The first Bay to Bay Beach Club season (Summer 2016)
Our initial intention was to only run the beach program during "beach season" (aka Summer) but the demand seemed to warrant expanding the programming to year round. So we all decided to give it a go and run a Fall program.
Side story: when we were planning the first Fall season Alex asked Arielle and I the question, "What should our rain policy be?" to which Arielle replied, "We are in a drought. It hasn't rained here in two years".
That Fall season it rained during 7 of the 10 practices 🤦♂️.
Over the course of the past 4 years the beach program has been running, many of the players that have been consistent members of the program are the ones that have made the biggest strides.
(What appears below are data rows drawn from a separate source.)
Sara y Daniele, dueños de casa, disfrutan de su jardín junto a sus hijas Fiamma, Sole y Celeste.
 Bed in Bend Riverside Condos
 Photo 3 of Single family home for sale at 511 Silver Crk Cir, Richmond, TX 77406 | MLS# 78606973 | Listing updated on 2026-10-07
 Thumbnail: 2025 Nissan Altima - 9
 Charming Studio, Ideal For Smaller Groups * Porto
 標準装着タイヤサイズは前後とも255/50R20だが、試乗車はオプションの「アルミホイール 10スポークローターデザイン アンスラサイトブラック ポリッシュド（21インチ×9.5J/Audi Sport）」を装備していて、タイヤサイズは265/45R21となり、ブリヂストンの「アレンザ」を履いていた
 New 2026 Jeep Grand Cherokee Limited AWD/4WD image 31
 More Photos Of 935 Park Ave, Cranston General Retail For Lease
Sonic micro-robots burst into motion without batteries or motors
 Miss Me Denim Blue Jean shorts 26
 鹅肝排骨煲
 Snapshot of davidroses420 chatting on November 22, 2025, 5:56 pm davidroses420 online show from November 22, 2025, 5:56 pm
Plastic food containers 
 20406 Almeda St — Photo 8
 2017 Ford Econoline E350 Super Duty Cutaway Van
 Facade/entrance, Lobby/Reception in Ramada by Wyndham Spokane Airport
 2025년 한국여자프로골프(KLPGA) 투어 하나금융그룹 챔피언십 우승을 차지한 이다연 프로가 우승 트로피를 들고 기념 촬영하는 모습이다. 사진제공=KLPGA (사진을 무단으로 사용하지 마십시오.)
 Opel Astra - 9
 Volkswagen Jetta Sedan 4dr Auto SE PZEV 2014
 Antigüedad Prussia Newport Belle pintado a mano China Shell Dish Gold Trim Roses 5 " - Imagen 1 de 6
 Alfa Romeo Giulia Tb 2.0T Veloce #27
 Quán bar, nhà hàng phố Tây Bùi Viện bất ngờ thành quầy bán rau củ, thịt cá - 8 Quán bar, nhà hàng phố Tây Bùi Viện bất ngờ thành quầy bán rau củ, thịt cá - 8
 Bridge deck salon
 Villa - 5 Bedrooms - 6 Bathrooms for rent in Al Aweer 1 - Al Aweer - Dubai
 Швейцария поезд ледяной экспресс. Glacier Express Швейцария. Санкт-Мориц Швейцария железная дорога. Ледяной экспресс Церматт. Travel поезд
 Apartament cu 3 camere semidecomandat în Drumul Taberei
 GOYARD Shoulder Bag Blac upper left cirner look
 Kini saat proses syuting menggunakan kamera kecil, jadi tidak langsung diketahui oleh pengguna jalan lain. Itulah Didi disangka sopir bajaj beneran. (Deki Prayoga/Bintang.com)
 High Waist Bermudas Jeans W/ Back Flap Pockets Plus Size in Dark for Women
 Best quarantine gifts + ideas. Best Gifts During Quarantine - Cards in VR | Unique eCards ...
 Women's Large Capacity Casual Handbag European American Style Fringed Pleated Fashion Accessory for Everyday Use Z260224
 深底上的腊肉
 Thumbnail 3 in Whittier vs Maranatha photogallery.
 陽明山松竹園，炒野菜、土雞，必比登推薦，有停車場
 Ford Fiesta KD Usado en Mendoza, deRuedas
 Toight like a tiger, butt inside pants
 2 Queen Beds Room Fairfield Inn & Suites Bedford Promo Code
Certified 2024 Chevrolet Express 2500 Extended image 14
When our 17-1's team won the clubs first National Championship in 2018, 6 of the 12 players were members of Beach Club.
Now the program serves over 200 athletes across all three seasons of beach club. It is one of our greatest tools for development, but also one of our greatest tools for introducing young men to the sport.
Alex's passion for the game is infectious. It is never more evident that what Alex is preaching is working, then when we see our players out on their own at beach courts getting reps or walking up to a man twice their age and saying, "I got next".
Thank you for all that you do for Bay to Bay coach Alex. You have impacted so many young lives, and you have helped instill a winning culture amongst the entire coaching staff. We can't wait to get back on the sand with you once those courts reopen!